### Your goal
Your output should be the lines below from the one holding "1 Pair Tubeless" through the one holding "木制画框窗户框镂空花纹雕刻", transcribed exactly, with no pictures.
++++ Data
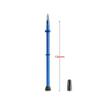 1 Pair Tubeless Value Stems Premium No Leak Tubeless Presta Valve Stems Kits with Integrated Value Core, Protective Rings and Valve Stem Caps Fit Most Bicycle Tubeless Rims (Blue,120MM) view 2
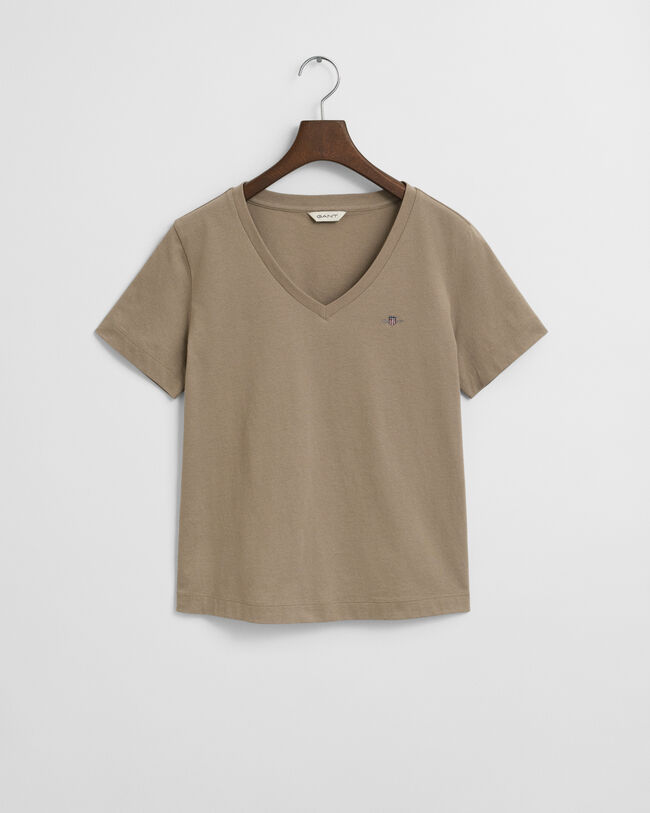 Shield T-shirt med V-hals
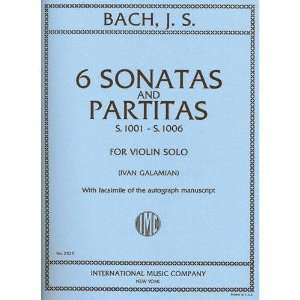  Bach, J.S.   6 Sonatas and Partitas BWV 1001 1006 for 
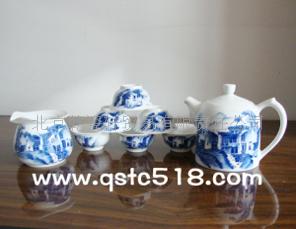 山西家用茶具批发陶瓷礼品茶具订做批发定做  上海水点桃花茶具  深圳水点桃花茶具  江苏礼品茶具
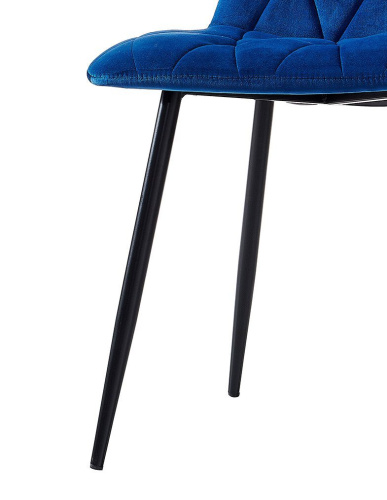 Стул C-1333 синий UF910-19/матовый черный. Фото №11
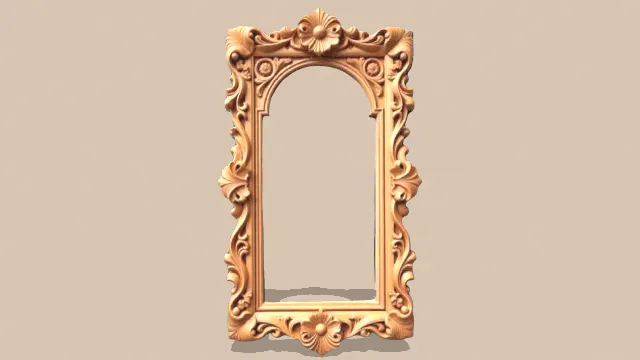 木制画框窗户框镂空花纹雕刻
++++++++
++++ Data
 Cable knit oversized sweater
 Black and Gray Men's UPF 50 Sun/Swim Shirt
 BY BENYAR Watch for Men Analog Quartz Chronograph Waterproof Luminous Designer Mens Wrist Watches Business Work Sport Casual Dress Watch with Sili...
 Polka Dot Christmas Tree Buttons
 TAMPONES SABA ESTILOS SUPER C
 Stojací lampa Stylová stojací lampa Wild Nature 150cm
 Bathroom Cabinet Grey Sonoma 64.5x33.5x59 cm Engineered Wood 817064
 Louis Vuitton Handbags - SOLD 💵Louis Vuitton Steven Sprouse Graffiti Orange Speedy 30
++++++++
### Exercise result
 1 Pair Tubeless Value Stems Premium No Leak Tubeless Presta Valve Stems Kits with Integrated Value Core, Protective Rings and Valve Stem Caps Fit Most Bicycle Tubeless Rims (Blue,120MM) view 2
 Shield T-shirt med V-hals
  Bach, J.S.   6 Sonatas and Partitas BWV 1001 1006 for 
 山西家用茶具批发陶瓷礼品茶具订做批发定做  上海水点桃花茶具  深圳水点桃花茶具  江苏礼品茶具
 Стул C-1333 синий UF910-19/матовый черный. Фото №11
 木制画框窗户框镂空花纹雕刻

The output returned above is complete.